Nearly one in five said anti-Semitism in their countries was a response to the everyday behavior of Jewish people.
An exclusive CNN poll into anti-Semitism in Europe has found that one third of 7,000 people surveyed knew "little or nothing" about the Holocaust.
The survey also found that many people believe anti-Semitic stereotypes, and blame Jews for anti-Semitism. https://t.co/dMKK9Bc0FP
— CNN (@CNN) November 27, 2018
• Australian antisemitism have risen an unprecedented 60 percent in the past year, according to a report picked up by ABC News.
While the number of attacks increased only marginally, the threats increased by 147 per cent, particularly due to concerted campaigns of placing stickers and posters around synagogues and schools . . .

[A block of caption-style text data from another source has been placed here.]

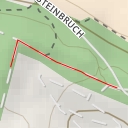 thumbnail for Steinbruch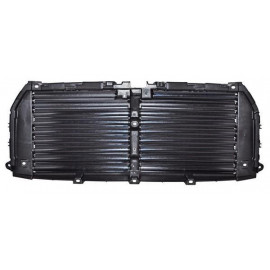Parrilla ford pu 15-16 interior c/motor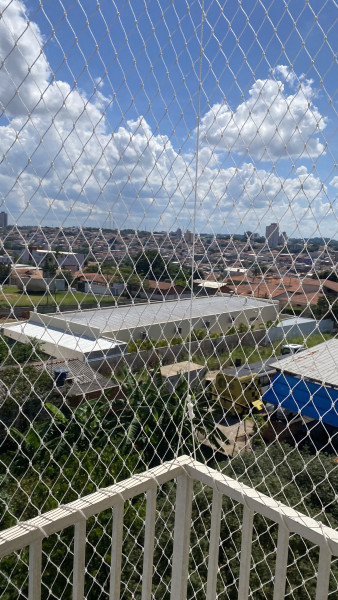Apartamento à venda Jardim Ipyranga com 65m² e 2 quartos por R$ 260.000 - 1307975270-766e4a04-be80-4b0d-938d-99bfc6003802.jpeg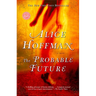 The Probable Future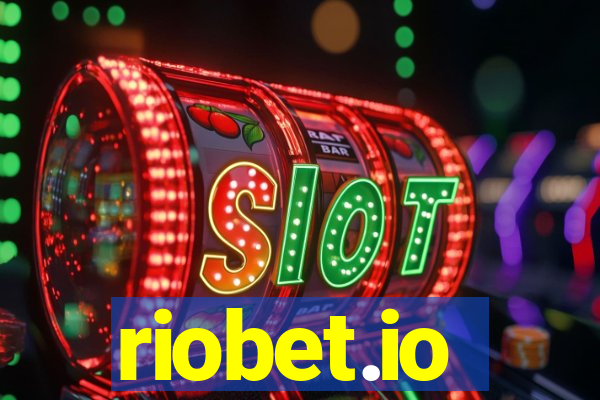 riobet.io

It also noted a correlation between a rise in antisemitic incidents and any spike in violence in Middle East conflicts — whether or not the conflict involved Israel.
• Los Angeles police arrested a man suspected trying to run over two Jews near a synagogue in an attack authorities are treating as a hate crime. Children overturned headstones in a Jewish cemetery in Poland. A London housing management company apologized to its Jewish tenants for threatening to remove their mezuzot.
Commentary
• Weighing in on the hypocrisy of Airbnb’s West Bank ban are Eugene Kontorovich (click via Twitter) and Eli Reiter. The latter describes what we lose to the blacklist:
Increased international scrutiny on the Israeli government is not new, but here, where its citizens are being punished, it feels more personal. The decision also goes against the company’s own ethos. Its goal, found in its site, is “creating a door to an open world—where everyone’s at home and can belong.”
Airbnb brought together visiting Israelis into Arab homes and vice versa, which has the potential to build bridges and foster mutual goals. There’s real value in the kind of cultural exchange that comes from sharing a home; of learning to be a guest and acting as a host, which is something I experienced myself, as a couch-surfing wanderer.
• Bre Payton unpacks how antisemitism is threatening to unravel the Women’s March while a New York Post staff-ed calls out Linda Sarsour’s failure to condemn Louis Farrakhan.
• Down Under, Chris Mitchell is unhappy with Australian coverage of the country’s Jerusalem embassy debate.
• Here are other commentaries I’m reading today . . .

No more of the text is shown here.